Information given section start
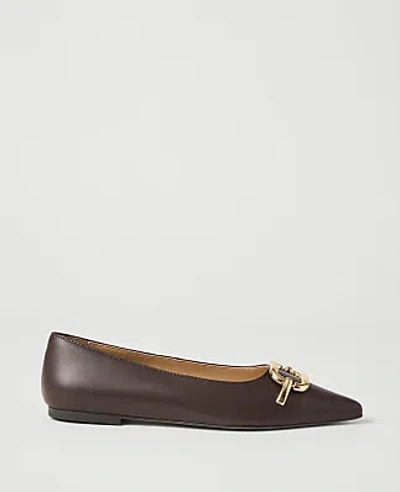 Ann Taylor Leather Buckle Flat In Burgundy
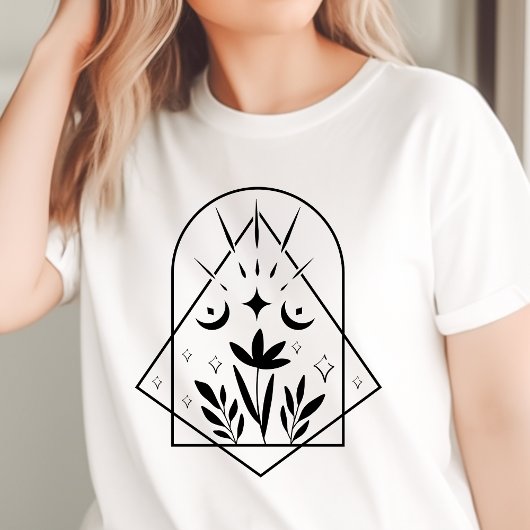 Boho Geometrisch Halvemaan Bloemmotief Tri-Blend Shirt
Information given section end
Information given section start
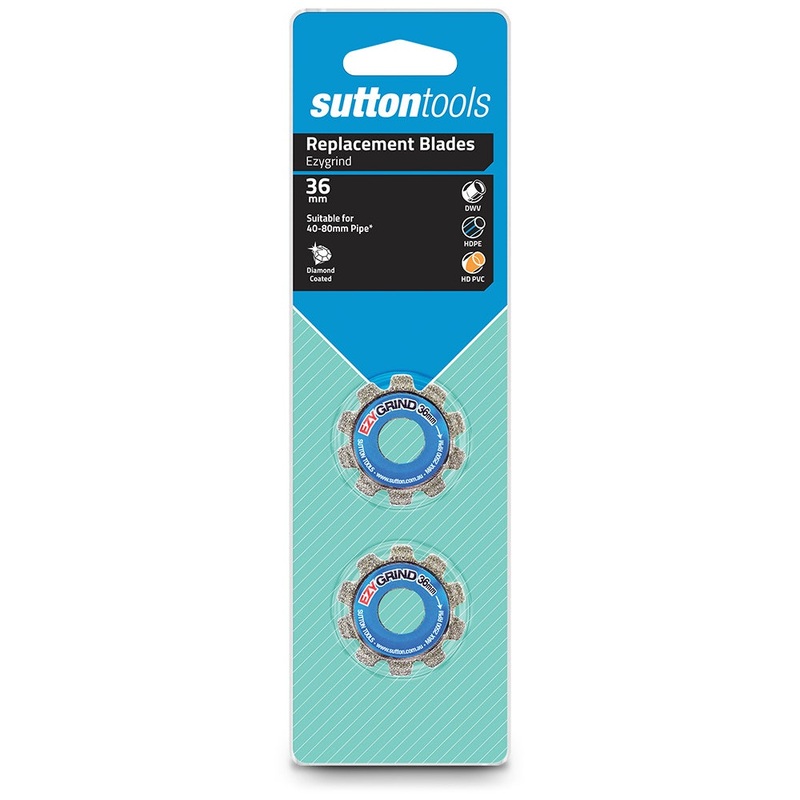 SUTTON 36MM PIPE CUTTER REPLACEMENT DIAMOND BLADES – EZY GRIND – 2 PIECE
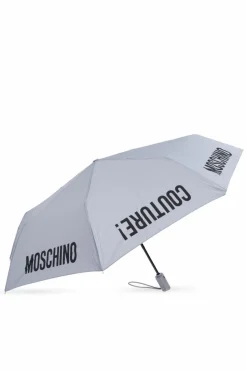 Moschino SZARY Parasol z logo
Information given section end
• **Problem description**
Give again the lines of the listing above that run from the one with "Ann Taylor Leather Buckle Flat In Burgundy" up to and including the one with "Boho Geometrisch Halvemaan". Keep them exact and omit the pictures.

• **Written response**
 Ann Taylor Leather Buckle Flat In Burgundy
 Boho Geometrisch Halvemaan Bloemmotief Tri-Blend Shirt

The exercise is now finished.